Twenty-seven bags were discovered after residents saw men in a truck dumping them on the sidewalk and alerted authorities to their find.
Inside the black garbage sacks were 8,144 boxes of the chemotherapy drugs raunorubicin, fluorouracil and cyclophosphamide made by Argentine pharmaceutical company Laboratorio Kemex. The packages were marked with the legend “Property of the Health Sector. Sale is prohibited.”
Authorities say they have identified at least three suspects.
Parents of children with cancer, who have long fought with the government for access to the life-saving drugs, did not believe the robbery actually occurred after hearing repeated excuses about why the medications were in short supply.
“First [the government] said that the shortage of medications was caused by a monopoly, then because … [of] corruption, then because there was an international shortage and now they come out with … [the story] that the medications were stolen.

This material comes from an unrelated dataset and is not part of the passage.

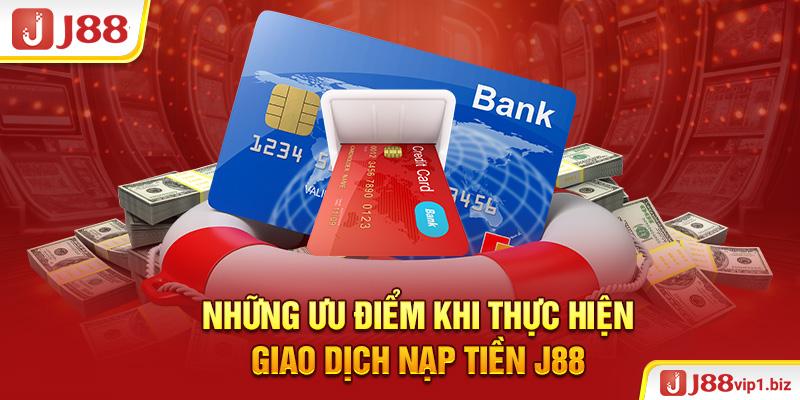 Những ưu điểm khi thực hiện giao dịch nạp tiền J88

Would you journalists believe this tale?” said Israel Rivas, spokesman for a national group of parents of child cancer patients at a press conference after the theft was announced.
The spokesman, whose daughter has cancer, said that almost 1,700 children have died due to cancer medication shortages.
Upon learning that a portion of the stolen medication had been found, Ivonne Venegas, whose daughter suffers from high-risk acute lymphoblastic leukemia, called the recovery of the drugs a “mockery.”
“I left my job, I left everything because my daughter was ill, just so the government could make fun of us like this, it is not worth it. We are not so ignorant that they can tell us one day the [medications] are lost, and the next day they have appeared.”